Exercise objective
Looking at the listing below, retype exactly the lines starting at the one containing "Colmar pulover de" and ending at the one containing "WHITE⁩ at Wasserman.eu", both included, and nothing else.

Supplied information

<<<<

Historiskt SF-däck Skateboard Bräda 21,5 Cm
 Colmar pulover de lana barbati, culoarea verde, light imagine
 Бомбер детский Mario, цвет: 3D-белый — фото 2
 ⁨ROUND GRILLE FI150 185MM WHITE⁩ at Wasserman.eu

>>>>
<<<<

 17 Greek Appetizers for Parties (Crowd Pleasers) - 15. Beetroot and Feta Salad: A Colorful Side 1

>>>>

Written response
 Colmar pulover de lana barbati, culoarea verde, light imagine
 Бомбер детский Mario, цвет: 3D-белый — фото 2
 ⁨ROUND GRILLE FI150 185MM WHITE⁩ at Wasserman.eu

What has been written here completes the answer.